Short descriptive text snippets

..............................

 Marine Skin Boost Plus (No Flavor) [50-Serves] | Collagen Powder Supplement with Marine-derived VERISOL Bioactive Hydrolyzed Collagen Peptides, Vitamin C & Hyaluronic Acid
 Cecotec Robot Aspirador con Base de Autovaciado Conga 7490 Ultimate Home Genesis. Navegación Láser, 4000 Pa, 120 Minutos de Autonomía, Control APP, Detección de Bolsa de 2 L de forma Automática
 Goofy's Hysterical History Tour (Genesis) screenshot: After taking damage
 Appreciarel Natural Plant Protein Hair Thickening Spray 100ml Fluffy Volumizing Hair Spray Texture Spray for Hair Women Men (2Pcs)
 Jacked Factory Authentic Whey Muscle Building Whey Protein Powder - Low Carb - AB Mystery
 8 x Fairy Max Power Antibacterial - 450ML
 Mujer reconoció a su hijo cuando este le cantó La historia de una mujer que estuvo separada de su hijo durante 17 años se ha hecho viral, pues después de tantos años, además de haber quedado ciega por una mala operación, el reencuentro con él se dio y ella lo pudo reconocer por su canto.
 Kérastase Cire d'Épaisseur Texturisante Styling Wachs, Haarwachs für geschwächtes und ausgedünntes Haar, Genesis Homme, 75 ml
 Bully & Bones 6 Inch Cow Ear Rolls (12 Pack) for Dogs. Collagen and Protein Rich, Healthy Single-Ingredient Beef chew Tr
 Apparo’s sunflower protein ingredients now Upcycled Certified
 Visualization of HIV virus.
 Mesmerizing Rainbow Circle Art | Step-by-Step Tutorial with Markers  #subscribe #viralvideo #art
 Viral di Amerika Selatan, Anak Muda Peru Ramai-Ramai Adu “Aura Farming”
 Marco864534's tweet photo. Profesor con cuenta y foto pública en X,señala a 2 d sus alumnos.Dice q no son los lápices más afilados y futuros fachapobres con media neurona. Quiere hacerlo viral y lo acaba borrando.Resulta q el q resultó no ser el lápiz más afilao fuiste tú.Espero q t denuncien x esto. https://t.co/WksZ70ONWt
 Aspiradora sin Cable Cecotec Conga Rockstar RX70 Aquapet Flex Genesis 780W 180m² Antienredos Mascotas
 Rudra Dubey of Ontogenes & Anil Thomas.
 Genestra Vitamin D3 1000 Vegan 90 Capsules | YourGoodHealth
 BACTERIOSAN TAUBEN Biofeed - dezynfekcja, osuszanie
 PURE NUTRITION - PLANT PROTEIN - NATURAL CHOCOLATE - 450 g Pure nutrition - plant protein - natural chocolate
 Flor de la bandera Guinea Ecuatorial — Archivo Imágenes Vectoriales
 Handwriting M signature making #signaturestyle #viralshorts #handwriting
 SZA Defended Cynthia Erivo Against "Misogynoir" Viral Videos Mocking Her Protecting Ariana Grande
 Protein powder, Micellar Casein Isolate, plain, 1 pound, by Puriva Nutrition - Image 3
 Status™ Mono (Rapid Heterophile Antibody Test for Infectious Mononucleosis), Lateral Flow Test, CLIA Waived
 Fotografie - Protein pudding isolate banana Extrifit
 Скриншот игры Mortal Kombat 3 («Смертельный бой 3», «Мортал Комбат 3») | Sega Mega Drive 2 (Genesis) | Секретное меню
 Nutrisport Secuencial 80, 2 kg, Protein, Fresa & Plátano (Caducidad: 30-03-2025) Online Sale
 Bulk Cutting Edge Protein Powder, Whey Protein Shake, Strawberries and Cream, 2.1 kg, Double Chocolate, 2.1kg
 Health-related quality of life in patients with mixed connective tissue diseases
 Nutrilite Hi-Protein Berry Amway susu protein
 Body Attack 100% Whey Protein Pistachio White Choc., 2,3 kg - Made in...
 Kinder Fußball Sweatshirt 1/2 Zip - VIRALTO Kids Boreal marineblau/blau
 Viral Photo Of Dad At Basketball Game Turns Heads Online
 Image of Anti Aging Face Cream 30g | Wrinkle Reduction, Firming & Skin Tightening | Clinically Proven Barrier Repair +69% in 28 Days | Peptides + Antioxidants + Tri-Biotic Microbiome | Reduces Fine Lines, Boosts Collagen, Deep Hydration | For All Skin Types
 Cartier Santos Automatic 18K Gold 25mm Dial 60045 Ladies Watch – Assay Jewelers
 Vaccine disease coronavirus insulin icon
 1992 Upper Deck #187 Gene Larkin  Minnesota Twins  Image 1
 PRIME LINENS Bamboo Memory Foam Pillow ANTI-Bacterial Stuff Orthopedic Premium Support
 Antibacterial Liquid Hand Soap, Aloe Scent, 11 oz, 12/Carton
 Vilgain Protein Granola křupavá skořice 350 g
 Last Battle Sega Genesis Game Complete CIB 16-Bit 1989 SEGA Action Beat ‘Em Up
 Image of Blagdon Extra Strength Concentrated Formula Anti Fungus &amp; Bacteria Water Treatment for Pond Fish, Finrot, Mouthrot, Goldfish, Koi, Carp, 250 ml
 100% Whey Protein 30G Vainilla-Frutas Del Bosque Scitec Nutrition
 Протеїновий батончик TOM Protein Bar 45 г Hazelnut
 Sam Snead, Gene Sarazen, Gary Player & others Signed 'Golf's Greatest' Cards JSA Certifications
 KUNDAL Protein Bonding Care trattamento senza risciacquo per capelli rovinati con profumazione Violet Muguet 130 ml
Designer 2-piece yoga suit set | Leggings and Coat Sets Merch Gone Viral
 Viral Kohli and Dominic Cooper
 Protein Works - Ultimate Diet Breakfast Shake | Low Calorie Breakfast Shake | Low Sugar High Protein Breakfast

..............................

_AIM OF THE TASK_
The response must hold only the lines above from the line with "Bully & Bones" through the line with "Aspiradora sin Cable", each copied exactly, both ends kept.

_OUTPUT OF THE TASK_
 Bully & Bones 6 Inch Cow Ear Rolls (12 Pack) for Dogs. Collagen and Protein Rich, Healthy Single-Ingredient Beef chew Tr
 Apparo’s sunflower protein ingredients now Upcycled Certified
 Visualization of HIV virus.
 Mesmerizing Rainbow Circle Art | Step-by-Step Tutorial with Markers  #subscribe #viralvideo #art
 Viral di Amerika Selatan, Anak Muda Peru Ramai-Ramai Adu “Aura Farming”
 Marco864534's tweet photo. Profesor con cuenta y foto pública en X,señala a 2 d sus alumnos.Dice q no son los lápices más afilados y futuros fachapobres con media neurona. Quiere hacerlo viral y lo acaba borrando.Resulta q el q resultó no ser el lápiz más afilao fuiste tú.Espero q t denuncien x esto. https://t.co/WksZ70ONWt
 Aspiradora sin Cable Cecotec Conga Rockstar RX70 Aquapet Flex Genesis 780W 180m² Antienredos Mascotas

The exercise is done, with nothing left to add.